# BRIEF:
Word for word, print each line of the listing below; pictures stay out.

# DATA BELOW:
+ + + + +
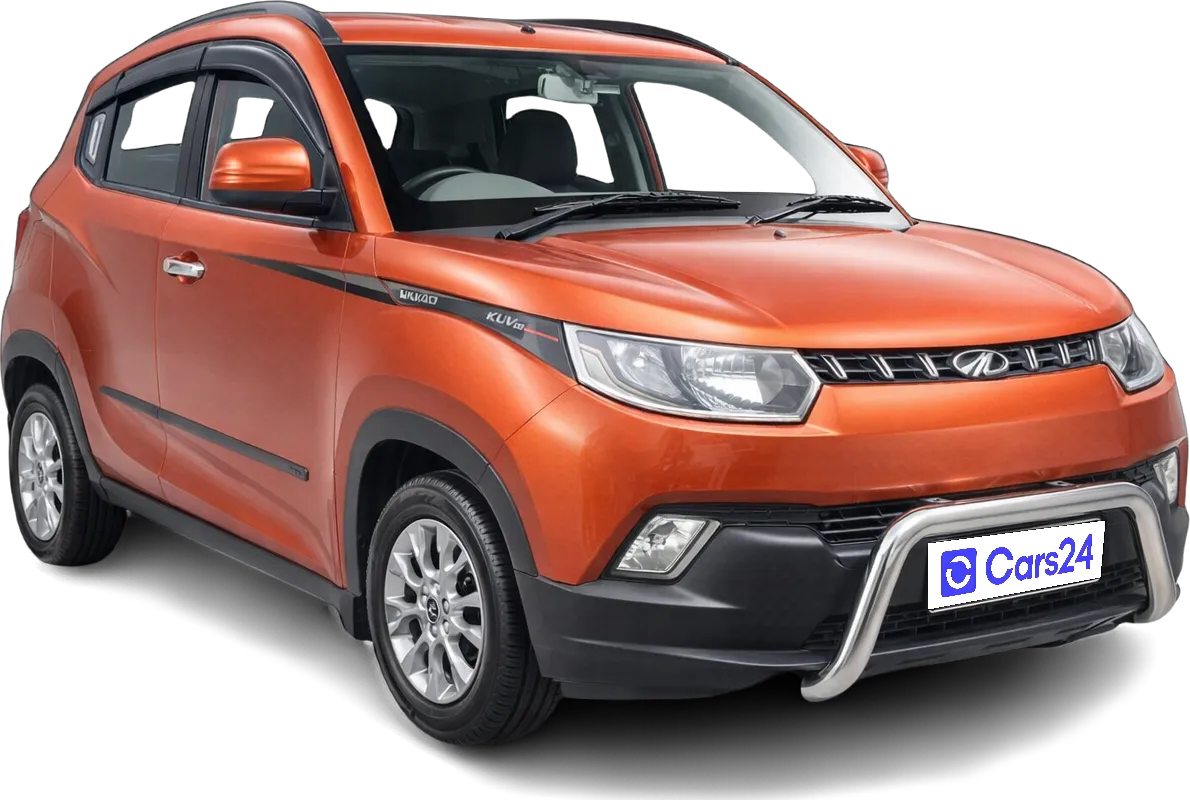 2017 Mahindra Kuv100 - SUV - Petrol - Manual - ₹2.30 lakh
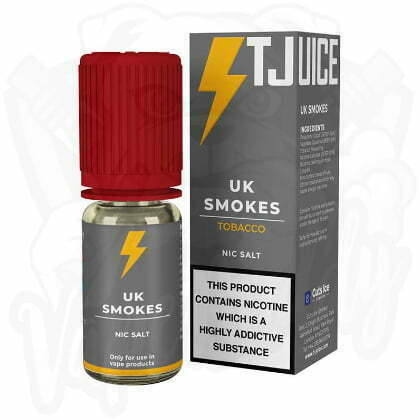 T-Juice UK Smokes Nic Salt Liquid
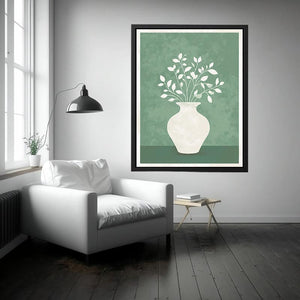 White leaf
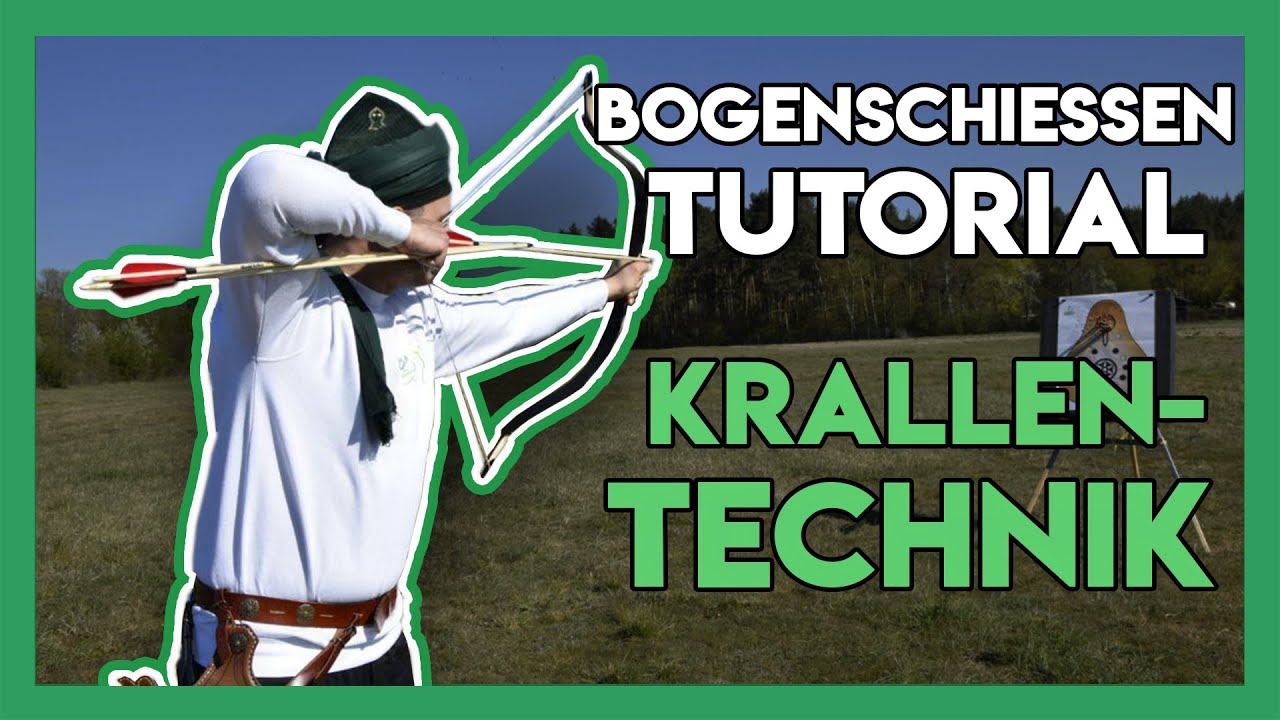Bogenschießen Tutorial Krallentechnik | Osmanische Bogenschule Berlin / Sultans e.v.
+ + + + +
# OUTPUT OF THE TASK:
 2017 Mahindra Kuv100 - SUV - Petrol - Manual - ₹2.30 lakh
 T-Juice UK Smokes Nic Salt Liquid
 White leaf
Bogenschießen Tutorial Krallentechnik | Osmanische Bogenschule Berlin / Sultans e.v.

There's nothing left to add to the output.